JAY: Ben Ali was seen by people–is this correct?–as a more or less Western-friendly leader.

SHEHATA: Yes, very much so. He was very close with President Sarcozy. He had visited the White House on an official visit under George Bush. Condoleezza Rice paid him a visit in 2008.

JAY: So he would’ve been–people that remember from the 1960s, there was this thing called The Friendly Dictator‘s deck of cards. He would have been in The Friendly Dictator [inaudible]

SHEHATA: Very much so. I mean, Tunisia, of course, isn’t the recipient of billions of dollars of aid like Egypt, but he was considered a very serious partner in America’s war on terrorism. He was very open market-, World Bank-, IMF-policy friendly. He believed that Islamists were the enemy, and he clamped down on Islamists quite severely, without any regard for human rights or democratic process, when he came to power until the present. So he was very much Western aligned, with France and Europe as well as the United States.

JAY: And the conditions, in terms of the political conditions for this kind of mass uprising, really, how organized was this? And this is just people fed up and coming into the streets. And, again, it’s (for people that don’t know, and as I have come to learn) a very repressive state.

SHEHATA: Yes. Well, for those of us who study the Arab world–and of course the Arab world, unfortunately, is full of autocratic authoritarian regimes. Tunisia was considered the closest thing to a police state, aside from of course Saddam Hussein’s Iraq. The Islamists were officially banned. There are many Tunisian political leaders in exile in Paris and in London. Elections are farcical regularly. Ben Ali has changed the Constitution a number of times in order to allow himself to run again for president.
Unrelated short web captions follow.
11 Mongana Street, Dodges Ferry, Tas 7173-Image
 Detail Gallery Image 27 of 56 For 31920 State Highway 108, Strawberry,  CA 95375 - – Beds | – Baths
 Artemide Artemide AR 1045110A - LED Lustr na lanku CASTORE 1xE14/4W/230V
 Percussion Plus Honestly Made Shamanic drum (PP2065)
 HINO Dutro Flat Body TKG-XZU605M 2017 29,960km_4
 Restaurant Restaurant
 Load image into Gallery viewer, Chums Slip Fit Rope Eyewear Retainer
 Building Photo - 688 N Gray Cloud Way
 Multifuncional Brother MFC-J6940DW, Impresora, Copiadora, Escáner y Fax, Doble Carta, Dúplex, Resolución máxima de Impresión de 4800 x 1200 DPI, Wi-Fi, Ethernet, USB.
In fact, it was well believed that he was going to amend the Constitution another time to remove the age limit (because he was 74 and the age limit in the Tunisian Constitution is 75 for the post of president) so he could run again in the next election in 2014. So it was very much of an authoritarian state. There were no press freedoms, no meaningful political participation. And it was unexpected not only here in the United States but in the region and among those of us who study Middle East politics.

JAY: So what sparked this, people to have the confidence to come out, face the guns? And also I saw one shot of people facing soldiers guarding the palace, and the soldiers seem rather friendly to the people at that point. Did one see, then, splits in the army, splits in the police force?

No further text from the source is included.